Wohnungen in den USA

Das Angebot an Wohnungen in den USA ist sehr vielfältig. Die Mieten sind in der Regel relativ niedrig in Kleinstädten und extrem hoch in Metropolen wie z.B. New York und in Universitätsstädten, zumindest im direkten Uni-Umfeld. Die preiswertesten Wohnungen kann man oft am Stadtrand finden, ganz gleich ob man eine Wohnung mieten oder kaufen möchte.

Wohnungen in den USAWie findet man nun gute Wohnungen in den USA? Zunächst einmal zum Thema Mietwohnungen in den USA:

Das Internet ist natürlich ein hervorragendes Werkzeug zur Wohnungssuche in den USA. Hier kann man sich auf Websites wie Apartments.com über das Angebot auf dem Wohnungsmarkt und die Preise der größeren Vermieter informieren und bei Interesse Kontakt mit diesen aufnehmen. Außerdem lassen sich auf diesem Wege Wohnungen finden, in denen Hunde oder Katzen erlaubt sind.

Angebote kleinerer und privater Vermieter kann man oft auf Craigslist.org finden.

Vor Ort kann man natürlich auch Ausschau nach Schildern mit der Aufschrift "Apartment for Rent" halten. In den Eingangsbereichen der Supermärkte gibt es oft auch Broschüren mit der Aufschrift "Apartments" in denen größere Vermieter für ihren Wohnungen werben.

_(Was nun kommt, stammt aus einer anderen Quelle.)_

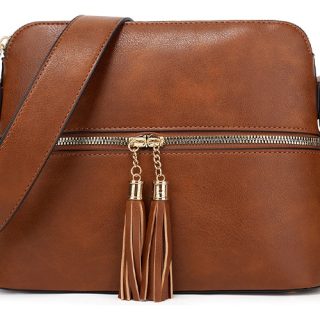 Bolso Cartera Bandolera Dama Doble Cierre Exterior Cuero Pu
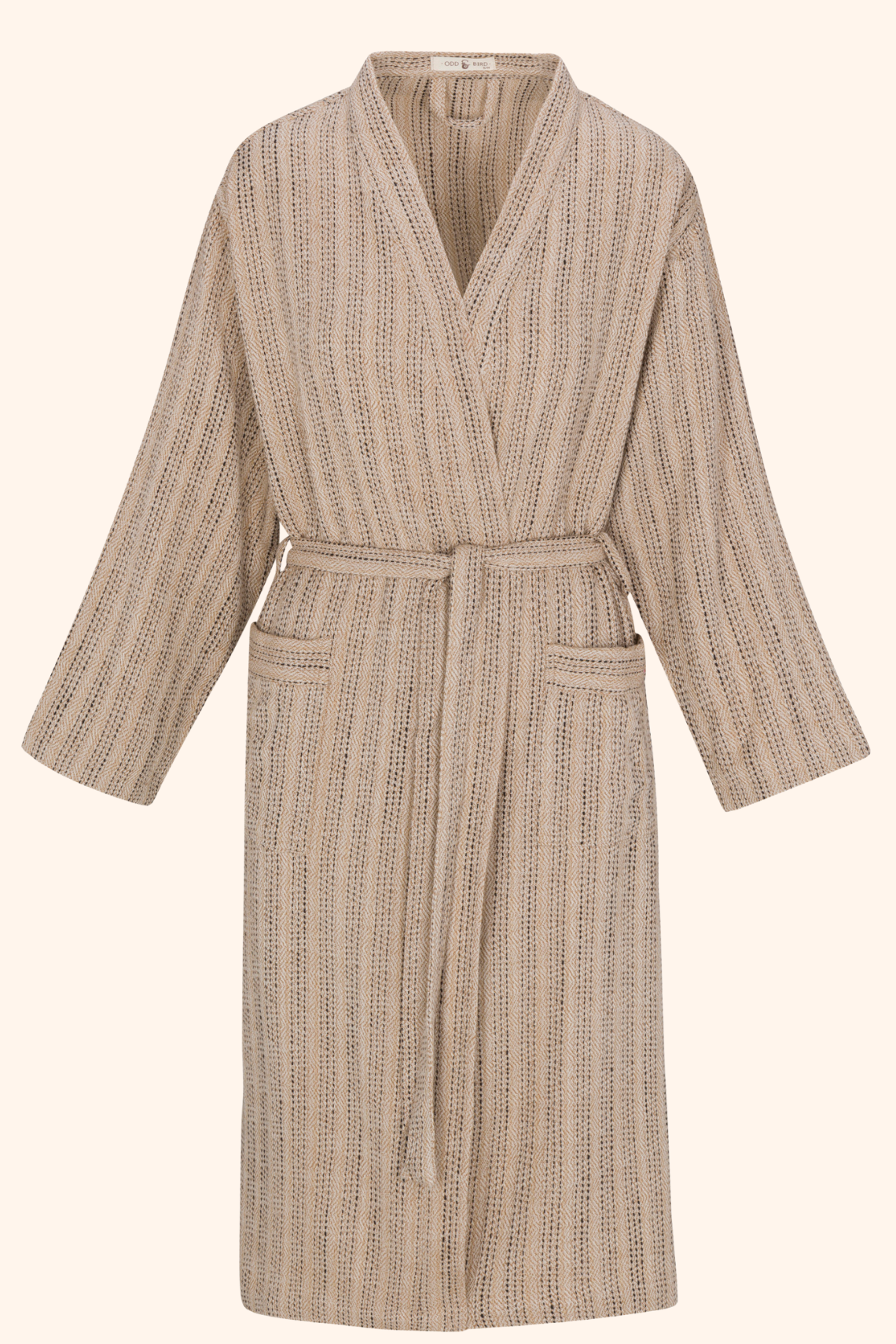 Gelin Robe | Coffee | Creamy Unisex OddBird Sustainably Cotton/Linen Handwoven Turkish – Luxury Made in Robe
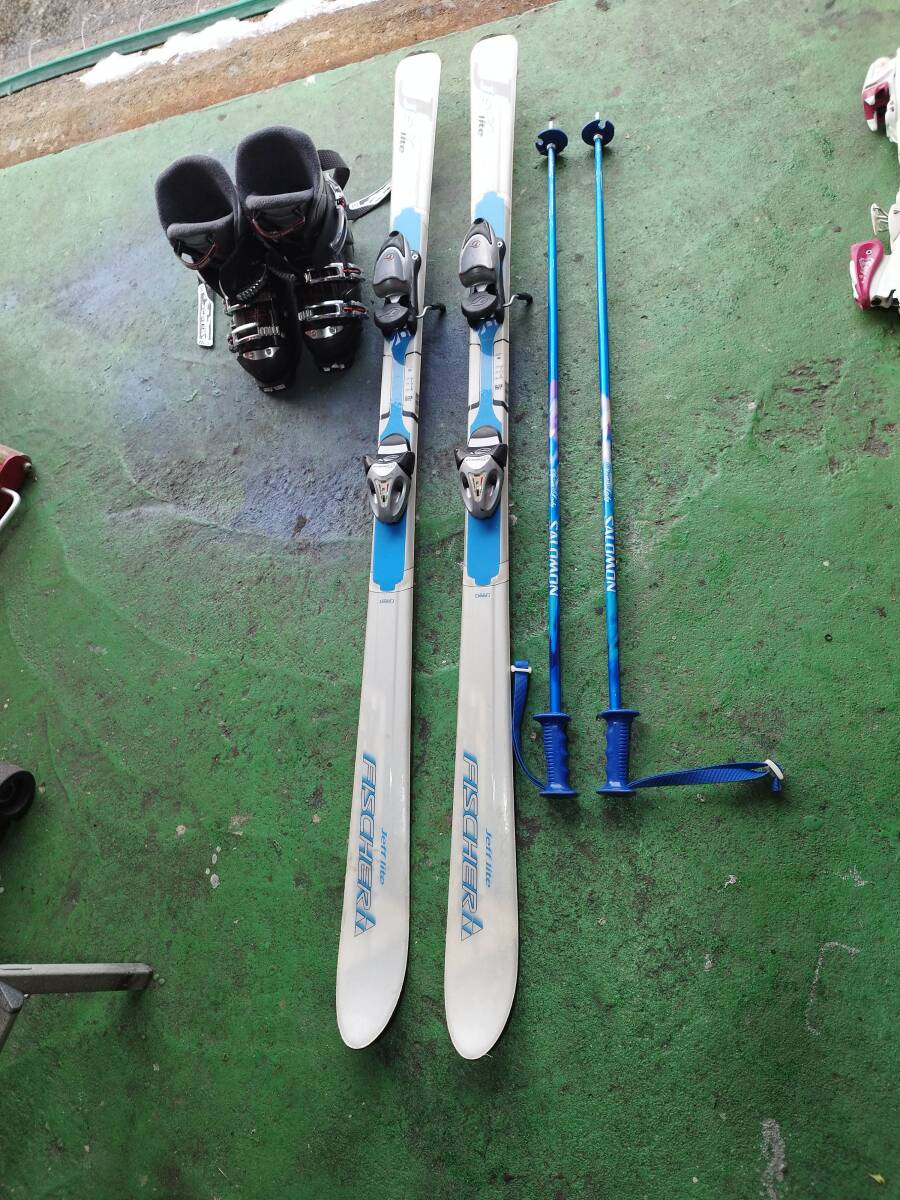送料無料　メンズ　スキー4点セット　板168cm　ブーツサイズ25-25.5cm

Weitere Tipps zur Wohnungssuche in den USA: Wohnung mieten in den USA – 10 Dinge, die man unbedingt beachten sollte

Nachdem man sich für eine bestimmte Wohnung entschieden hat, füllt man ein Antragsformular (application form) aus. Darauf gibt man Auskunft zur Person, wie z. B. Arbeitsstelle, Einkommen, bisherige Wohnorte und die Sozialversicherungsnummer (Social Security Number), die man nach Möglichkeit schon haben sollte.

Hat man bereits in Amerika gelebt, dann ist das alles kein Problem. Nachdem der zukünftige Vermieter die Angaben und die Kreditvergangenheit (credit history) der Antragsteller geprüft hat und überzeugt ist, zuverlässige Mieter zu bekommen, erhalten diese nach zwei bis drei Tagen Bescheid.

Für Neuankömmlinge in Amerika, die sich noch keine Kreditvergangenheit durch das regelmäßige Bezahlen von Rechnungen und Krediten aufgebaut haben, kann das Ganze problematischer werden. Es gilt dann, den Vermieter davon zu überzeugen, dass man seine Miete immer bezahlen kann Der Nachweis eines Arbeitsplatzes und Einkommens, eine Bürgschaft durch amerikanische Verwandte oder Freunde und das Entrichten einer höheren Kaution (security deposit) schaffen hier im günstigen Fall Abhilfe.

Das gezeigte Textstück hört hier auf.